The Urgent vs. The Important
You know it applies to you…
There’s a well-known saying – attributed in various forms to various people including Franklin Covey, Dwight Eisenhower, Charles E. Hummel, and a bevy of others – goes something like this: “Never let the urgent get in the way of the important.”
It is a good thing to keep in mind. Certainly in the world of the Gravy Hose there’s always things that seem to be pretty urgent, from the latest tweet to the CNN update to that message from that person. It interrupts focus, it keeps us from getting into flow, and can distract us into hours of procrastination.
But I’m not going to tell you that you should turn all those things off.
The Saying Is Wrong.
The urgent, by definition, should supersede the important. That’s what “urgent” means: requires immediate attention. If something is urgent, then ignoring it is going to actually cause something bad to happen.
The trick is to correctly identify the difference between “urgent” and “noisy.” It’s one of the mysterious skills of parenting: you learn the difference in tone between “I really need you now!” and “I’m really not happy, but if you wait thirty seconds I’ll get distracted and be all happy-burbly again!” It is amazing for those who are not attuned to the specific frequencies of small children to watch parents hear a cry, cock their heads, and then shrug and ignore it. A moment later, another cry happens and almost before it registers the parent is down the hall because that cry was actually urgent.
Obviously that means that whatever they were doing before the child cried was not important, right? Or if it was important, they should have simply ignored the crying and continued to focus and prioritize and all those other good words self-development blogs toss around.
I hope the sarcasm font is coming through. Happily most parents are complex individuals capable of taking care of both the urgent and the important. Gayle Rubin, author of the Happiness Project, talked about the contradiction between saying that her children were her priority but her husband was the most important person in her life. She didn’t go into it much, but she suggested that it was a thorny problem.
The thing is, I don’t think it is. Not so much. Children are the definition of urgency, and the things that are capital-I Important are generally things that don’t require attention constantly.
Urgency Changes Fast; Importance Changes Slow
It’s easy enough to illustrate this with the idea of Date Night. So as not to focus on parenting, though, let’s shift from parents’ date night (a very important thing) to an average couple about to have their own special intimate evening. Let’s say that one of them had a job interview earlier in the day.

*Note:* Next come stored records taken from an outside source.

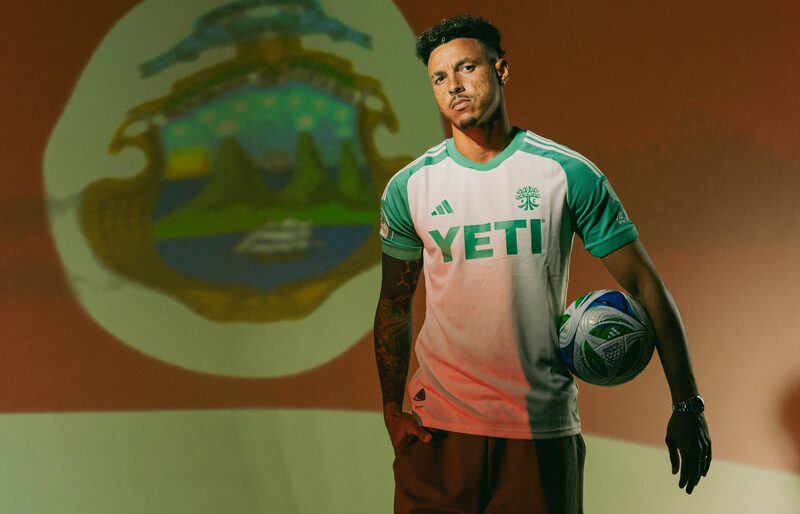 El defensa del Austin FC, Julio Cascante (18), posa para retratos durante el Día de Medios de 2025 en el Estadio Q2 de Austin, Texas, el lunes 27 de enero de 2025. El defensa del Austin FC, Julio Cascante (18), posa para retratos durante el Día de Medios de 2025 en el Estadio Q2 de Austin, Texas, el lunes 27 de enero de 2025.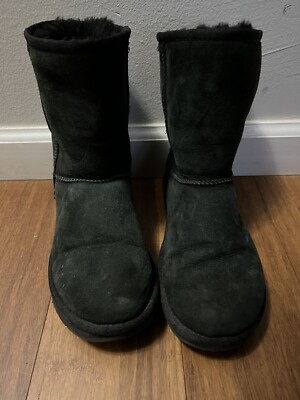 UGG Womens Classic Short Mid Calf Pull On Black Winter Boots Size US 6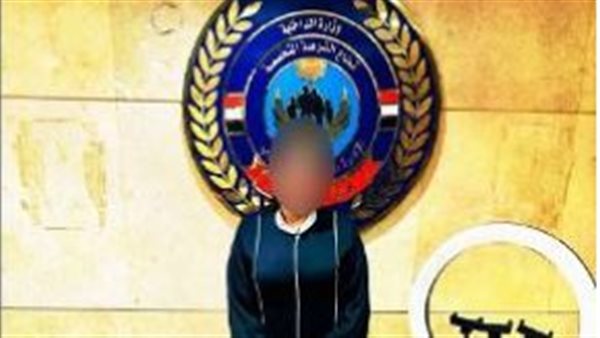 "مطواه وباروكة".. ما وجدت الشرطة بحوزة التيك توكر البرنسيسة غزل؟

The job interview was important, but now they are both taking steps to put it out of their mind. Their relationship is important to each other, and as the hours tick past afternoon to evening they are shifting focus from the outside world of work and friends and pets and onto each other. The food dishes are full, the DVR is set up, their phone notifications are turned off except for an email alert that will go off if the potential employer gets back to them. Both agree that is a call they’d want to get.
So many levels of importance there! The importance of reciprocal focus to foster intimacy. The importance of being responsible to friends and pets. The importance of sharing life-changing news. They start their evening with all the right ingredients, and when the phone buzzes they are excited and optimistic as they huddle over the tiny screen.
Unfortunately it’s not the news they were hoping for. Then again, it also wasn’t the news they feared. No, all the Deciders but one are in favor of hiring the hopeful employee, and that one will be easily convinced if a certain question is answered. It’s not a hard question, but it’s a complex one, both a hypothetical problem and an opportunity for the applicant to show off some past work from a portfolio. And it needs to be ready in the morning, or they’re going with a different applicant.
In short, there needs to be a choice: is it going to be date night? Or is it going to be a night of crafting a document to get a job?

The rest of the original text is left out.